State Drops Its Plan for Rehab Site
The state has abandoned a plan to house four developmentally disabled sex offenders at a group home in Phelan, handing a hard-fought victory to neighbors who had protested the proposal, officials said Tuesday.
The decision comes only two weeks after state officials responded to loud community protests over the home by promising to meet with Phelan residents about their concerns before opening it.
After meeting with a group of residents two weeks ago, state officials announced that the group home would include no one with a criminal background.
News that the state had killed the plan prompted the San Bernardino County Board of Supervisors to announce Tuesday that it would suspend plans to sue the state to halt the opening of the home.
County officials promised to file the legal challenge if the state tried to house developmentally disabled sex offenders anywhere else in the county.
The home -- the first of its kind in the state -- was to be run by Phoenix Programs Inc. of the Bay Area city of Concord. The firm received a contract from the Inland Regional Center, a state-funded nonprofit organization that works to rehabilitate developmentally disabled children and adults.
Developmentally disabled sex offenders are already housed in group homes throughout the state.
But the Phelan facility would have been the first group home to house that type of sex offender exclusively.
State officials have declined to describe the offenses committed by the proposed residents of the home.
The Inland Regional Center works to increase independence of people with such disabilities as mental retardation, cerebral palsy, epilepsy and autism.
Assemblywoman Sharon Runner (R-Lancaster), who has proposed legislation to impose restrictions on group homes for sex offenders, said she met Tuesday with the director of the Inland Regional Center and was assured that the Phelan home would not be used to house anyone who had a criminal background.
But Runner said she would remain vigilant to ensure that residents of the home did not pose a threat to neighbors.
Phelan residents also remain leery.
Representatives of the Inland Regional Center met two weeks ago with the Tri-Community Citizens Watch, a Phelan citizens organization, to discuss the future of the group home.
Corina Deleon, chief of community services for the center, wrote to the group last week, saying the facility had “elected not to place the proposed clientele nor any registered sex offenders in the home.”
Lisa Cullinane, spokeswoman for Tri-Community, said she still worried that the Inland Regional Center might try to use the Phelan home to house developmentally disabled people who had committed criminal acts but had not been convicted or were not registered sex offenders.
“They can still put non-registered sex offenders there,” Cullinane said. “Those are the ones that are even scarier, because they don’t have to be tracked by police.”
She said her group would feel safe living near the home on Flowerfield Street only if the state agreed to sell it for use as a private residence.
“The ideal solution would be for them to get out of Dodge and leave us alone,” she said.
The group home, off a dirt road, was scheduled to open March 8 but has remained empty since the protests began.
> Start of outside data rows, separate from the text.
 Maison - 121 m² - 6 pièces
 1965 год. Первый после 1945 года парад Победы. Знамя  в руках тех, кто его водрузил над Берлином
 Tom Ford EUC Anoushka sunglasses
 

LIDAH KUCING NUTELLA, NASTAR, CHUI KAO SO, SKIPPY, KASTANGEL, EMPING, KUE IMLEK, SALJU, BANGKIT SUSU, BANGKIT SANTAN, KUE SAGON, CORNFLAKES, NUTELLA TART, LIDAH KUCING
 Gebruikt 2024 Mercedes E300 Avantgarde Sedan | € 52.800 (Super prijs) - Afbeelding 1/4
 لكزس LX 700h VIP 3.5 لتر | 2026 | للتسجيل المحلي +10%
Phelan residents, sitting on lawn chairs and sleeping bags, continue to watch the home and say the proposed residents would pose a threat to their children and families.
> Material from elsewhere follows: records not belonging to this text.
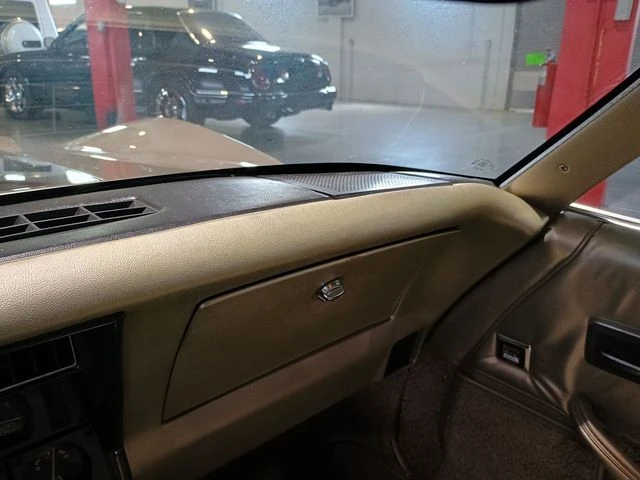 1982 Chevrolet Corvette C3 - Image 21 of 31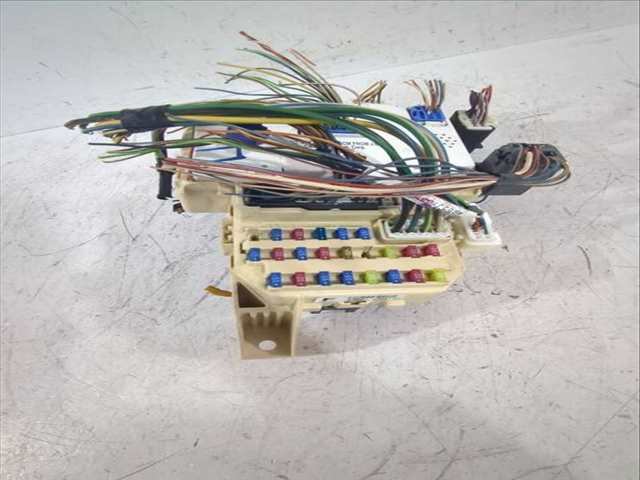 Foto 2ª: Caja Reles Fusibles Suzuki Swift 1.3 RS 413) 92CV 68KW [M13A] (2006)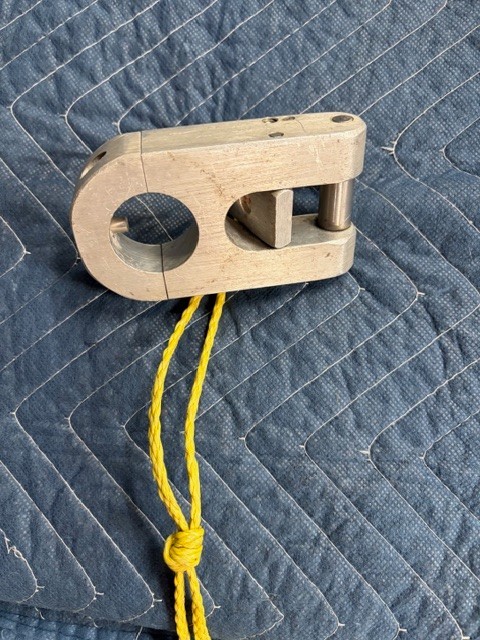 Water ski safety, quick release tow hook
The county had threatened to sue the state Department of Developmental Services and Phoenix of Concord, charging that the proposed home was in fact a “criminal detention facility” and should not be opened using a state law meant to establish group homes for the disabled.
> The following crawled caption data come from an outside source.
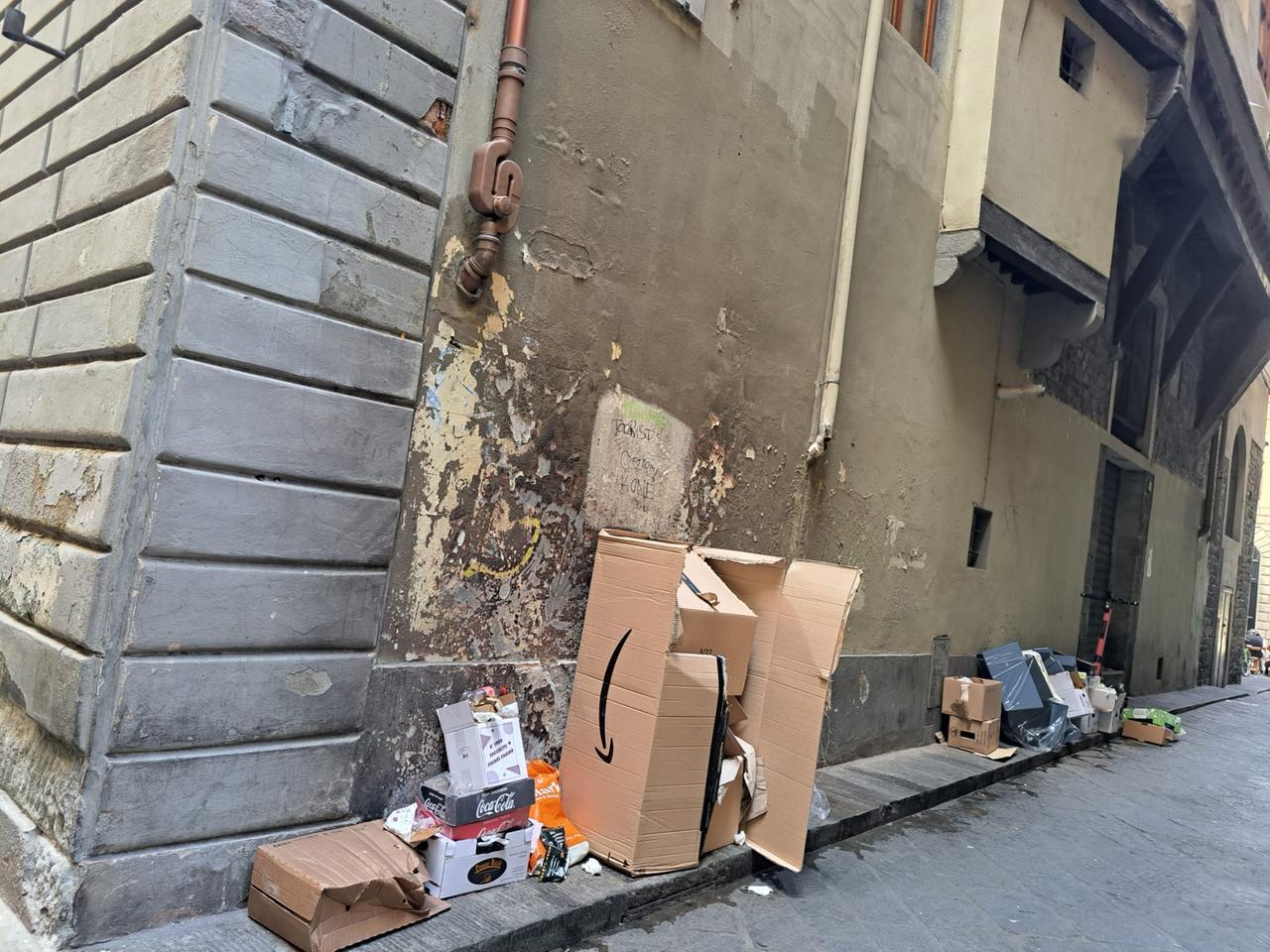 Firenze, strade piene di turisti (e rifiuti): 16mila kit multilingue per salvare la città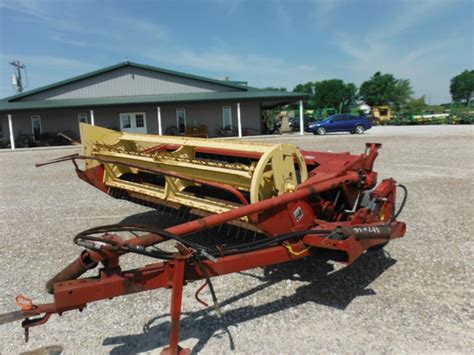 Used New Holland 488 Haybine, 1994 (1977-2017), 9'3" cut, bolted over serrated sickle, hydraulic lift with ram and hoses, ... Assets aged 10-15 years or more may require increased finance charges. Financing approval may require pledge of collateral as security.. 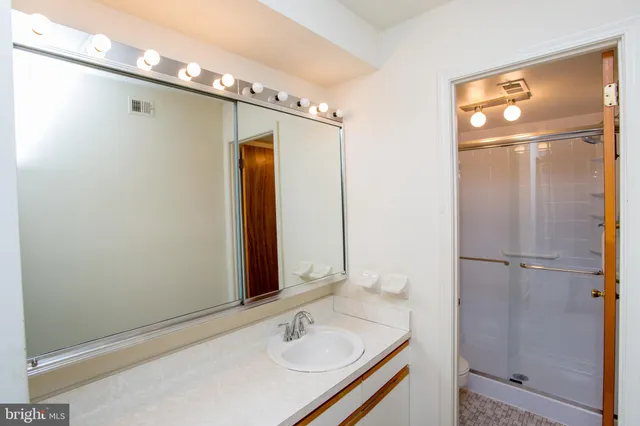 $219,900 | 2131 Welsh Road, Unit 207, Philadelphia, PA 19115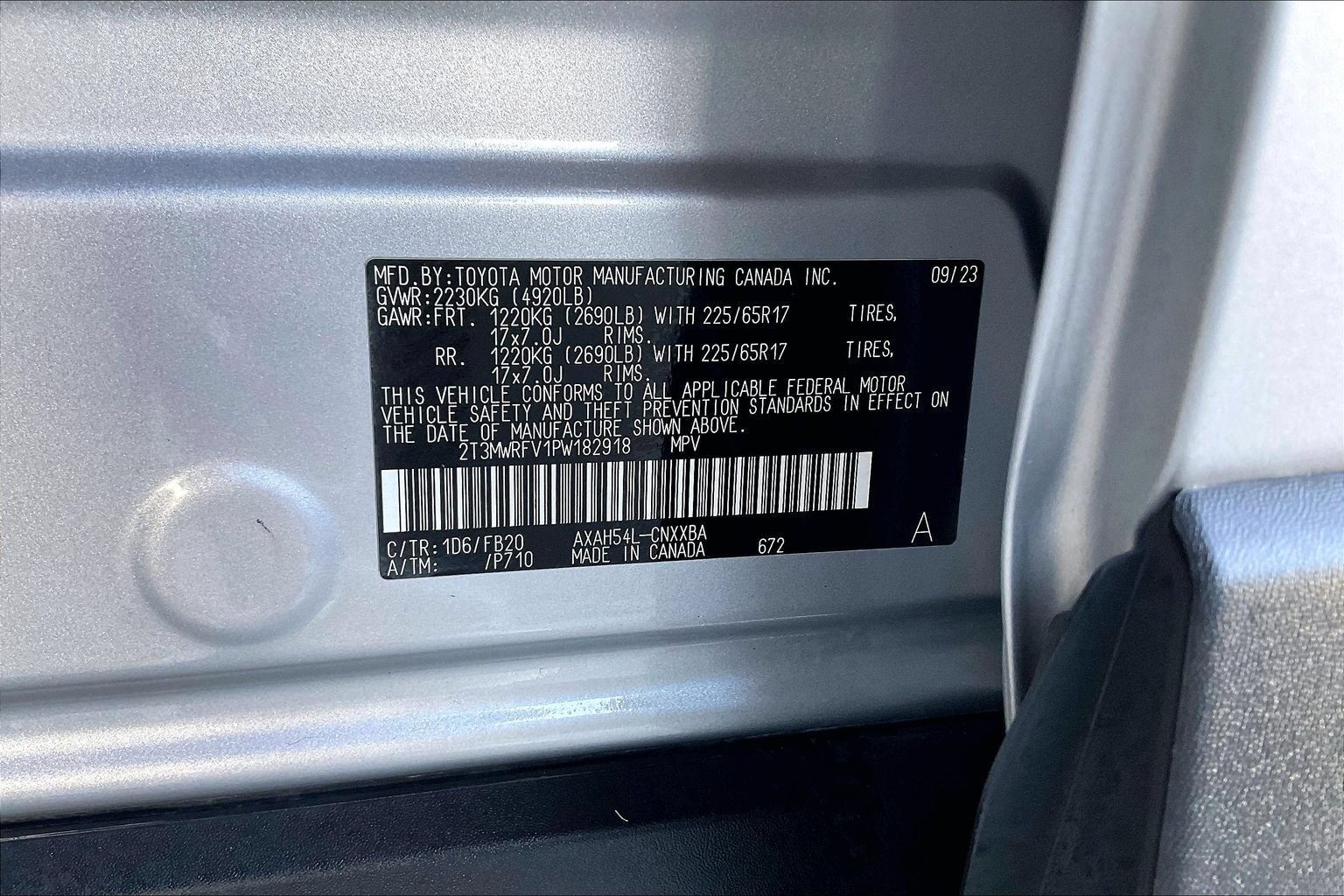 Used 2023 Toyota RAV4 LE AWD/4WD image 17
Under state law, local counties and cities are barred from requiring a special permit or variance for a group home serving six or fewer people.
Runner’s legislation would bar two or more sex offenders from living together and require the owners or operators of any group home that housed a sex offender to notify the local city or government agency.
The Assembly’s Public Safety Committee is scheduled to consider the measure April 13.